Carlaa
Mitglied
- Beiträge:
- 1345
- Themen:
- 5
- Danke erhalten:
- 1734
- Mitglied seit:
ein scheinbar marginales Problem, das mir aber schlechte Laune macht.
Vor drei Jahren ahnungslos in eine Freundschaft plus geschlittert. Nach neun Monaten die Reißleine gezogen.
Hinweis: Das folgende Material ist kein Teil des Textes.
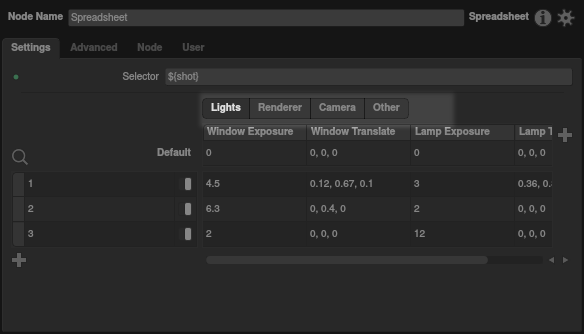 Column sections in the Spreadsheet node interface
Ewig gelitten.
Mittlerweile hatte er anderweitigen Liebeskummer (er bindungsängstlich, aber sie war es noch mehr), was mit gravierenden psychosomatischen Problemen bei ihm verbunden war und sogar zu einem stationären Aufenthalt führte.
Davor hatte sich unser nie völlig abgerissener Kontakt (er schrieb immer penibel zu Feiertagen) wieder intensiviert.
Es ging ihm sehr schlecht, er brauchte einen vertrauten Menschen und "rief" mich in der Not. Ich, mit Mutter-Teresa-Gen ausgestattet, war für ihn da, im Grunde ähnlich wie zuvor, nur abgeklärter. Ich versuchte, von der immer noch schwelenden Kränkung abzusehen, und ihm eine gute Freundin zu sein.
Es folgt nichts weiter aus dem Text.